Instructions for the task – Below are records with pictures; copy word for word only the lines between the line with "Insulated Rolling Cooler" and the line with "Hand-drawn sketch of", inclusive, and drop the pictures.
===== Task inputs =====
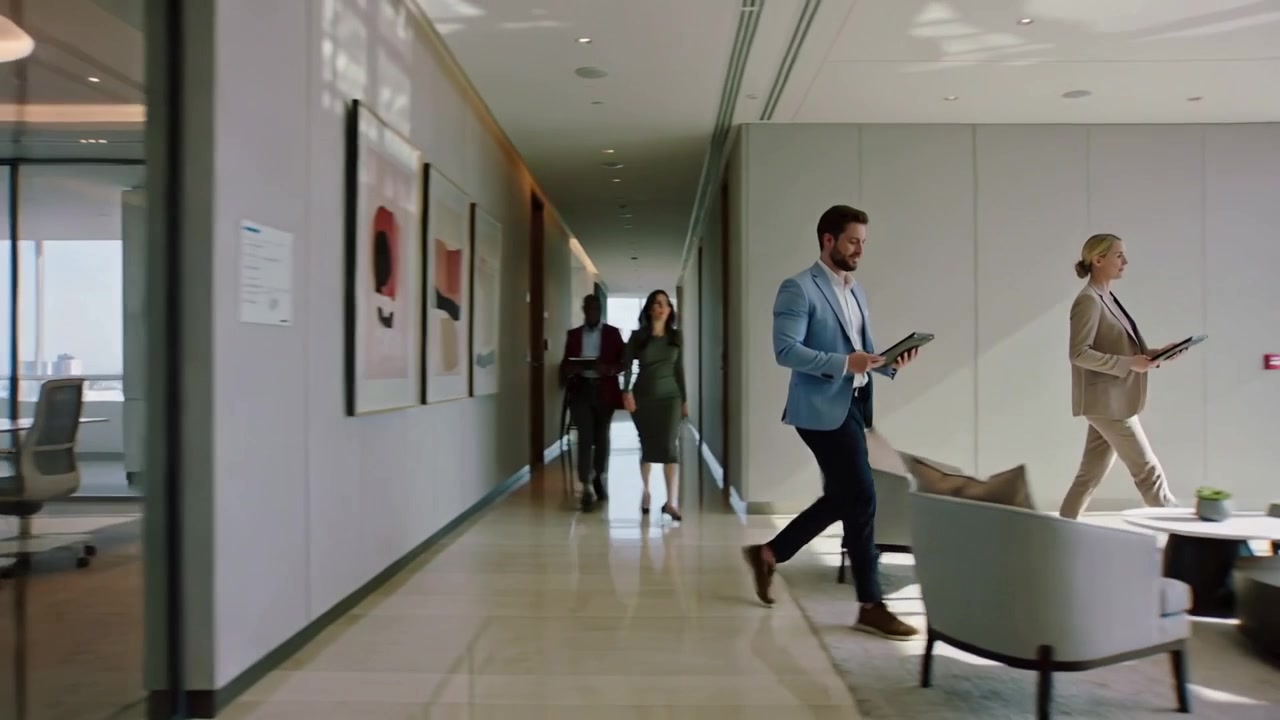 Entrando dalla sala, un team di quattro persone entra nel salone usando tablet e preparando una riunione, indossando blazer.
=====
===== Task inputs =====
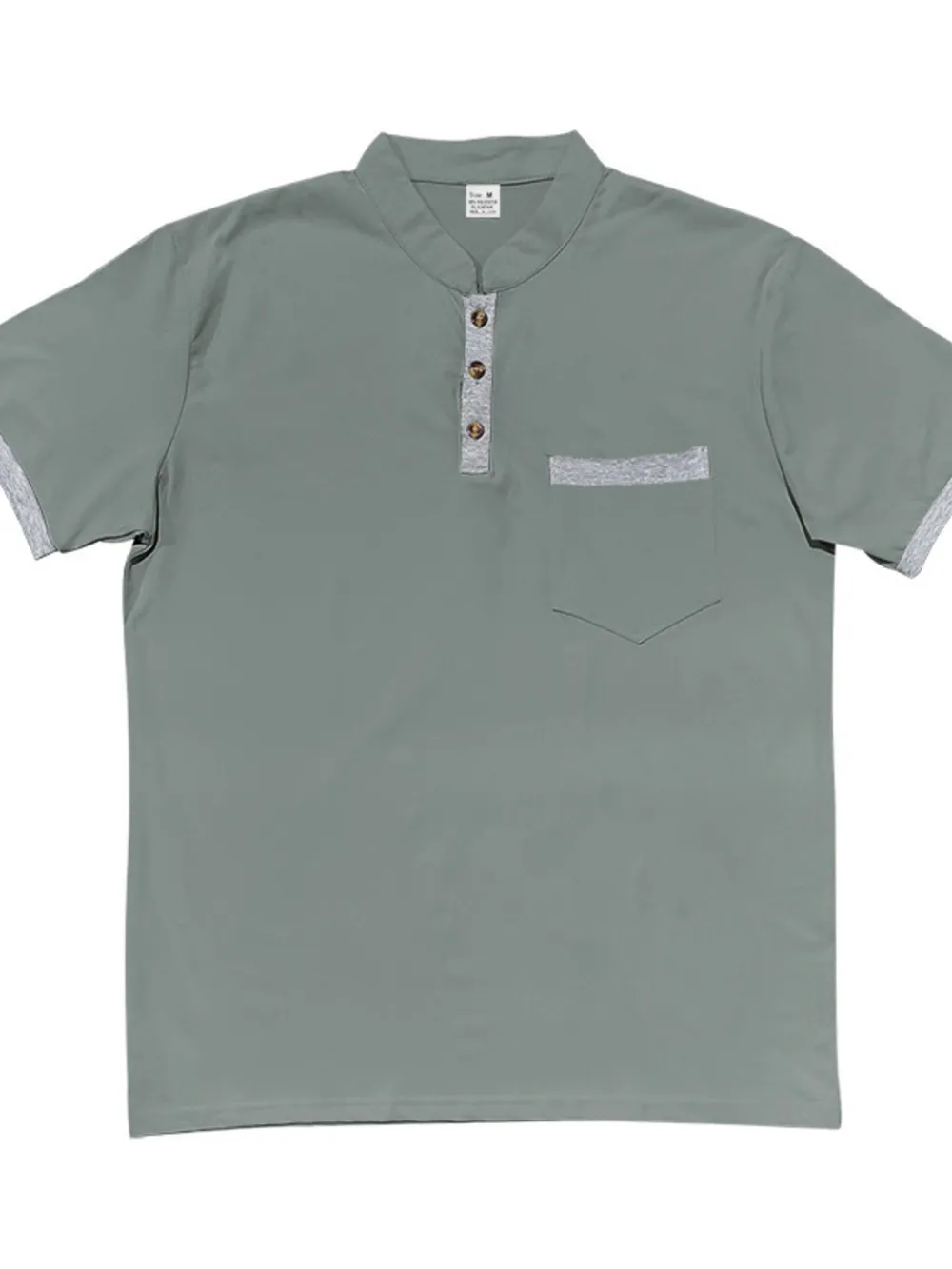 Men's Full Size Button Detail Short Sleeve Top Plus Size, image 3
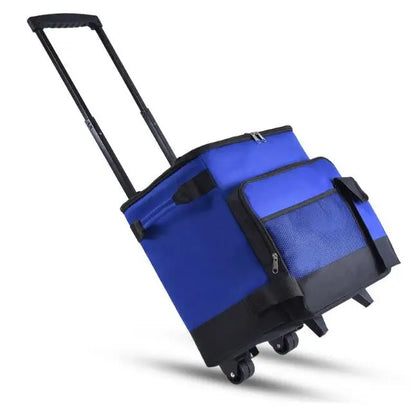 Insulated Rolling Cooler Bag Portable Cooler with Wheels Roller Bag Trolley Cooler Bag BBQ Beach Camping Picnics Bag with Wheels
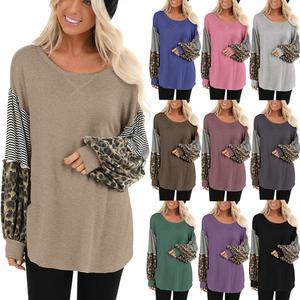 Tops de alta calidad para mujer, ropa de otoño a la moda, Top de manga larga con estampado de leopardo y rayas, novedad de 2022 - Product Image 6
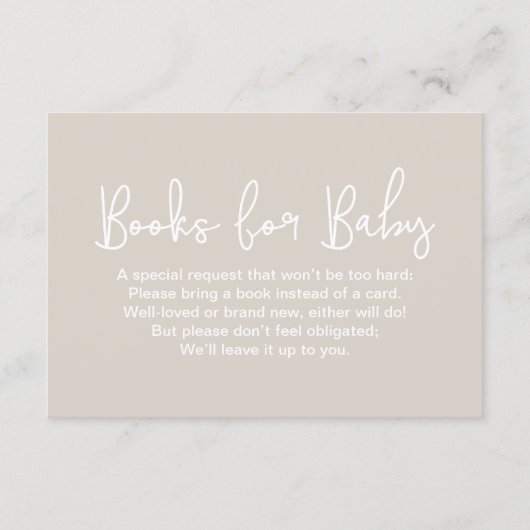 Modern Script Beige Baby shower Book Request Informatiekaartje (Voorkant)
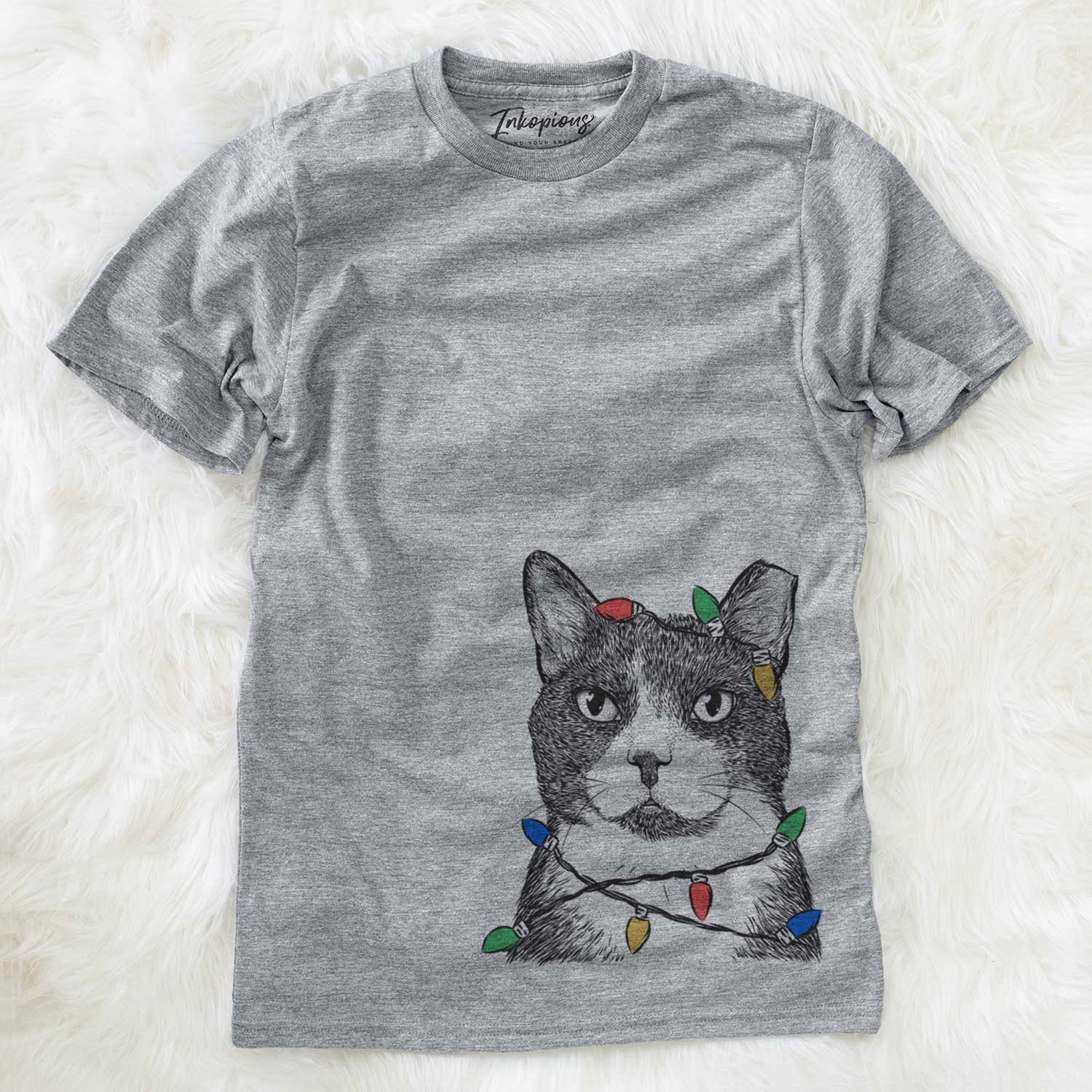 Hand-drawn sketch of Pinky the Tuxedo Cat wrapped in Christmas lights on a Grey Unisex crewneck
=====
Exercise response –
 Insulated Rolling Cooler Bag Portable Cooler with Wheels Roller Bag Trolley Cooler Bag BBQ Beach Camping Picnics Bag with Wheels
 Tops de alta calidad para mujer, ropa de otoño a la moda, Top de manga larga con estampado de leopardo y rayas, novedad de 2022 - Product Image 6
 Modern Script Beige Baby shower Book Request Informatiekaartje (Voorkant)
 Hand-drawn sketch of Pinky the Tuxedo Cat wrapped in Christmas lights on a Grey Unisex crewneck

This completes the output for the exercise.